An improvement of the sensitivity of GPS radio occultation data to detect gravity waves through observational and modeling factors

Abstract

There is a mid-latitude region to the East of the Andes Range in the Southern Hemisphere that exhibits ideal conditions for the generation of gravity waves (GW) by topography mainly during winter. The configuration favors the generation of wavefronts that are parallel to the North–South direction. Global Positioning System (GPS) radio occultation (RO) retrievals from the COSMIC (Constellation Observing System for Meteorology, Ionosphere and Climate) mission exhibit in a large proportion of the soundings an orientation which should be favorable to the detection of these wavefronts. We try to verify if this GW activity surplus on the East with respect to the West in the studied zone in winter emerges clearly in the GPS RO data between years 2007 and 2012. We argue that the orientation of the soundings but also the mathematical model selected to represent the GW energy distribution can affect the possibility of detecting the signatures of the waves. In particular, we explore a new interpretation of the GW energy distribution observed by GPS RO at the lowest values, as they stay below the precision limit of the technique.

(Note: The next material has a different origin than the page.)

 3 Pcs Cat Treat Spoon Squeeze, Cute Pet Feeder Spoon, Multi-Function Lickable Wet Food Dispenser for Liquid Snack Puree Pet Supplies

We suggest to replace that part of the measured distribution by an exponential curve that in general suits the trend of all the other observed energies. In following this alternative it is shown that the calculated mountain wave activity in the studied sector is now even more clearly larger in the East than in the West during winter. Finally, we consider that energy distributions observed with any measurement technique should in general not be considered as the solely contribution from waves, as also other variable phenomena may be adding to the final outcome.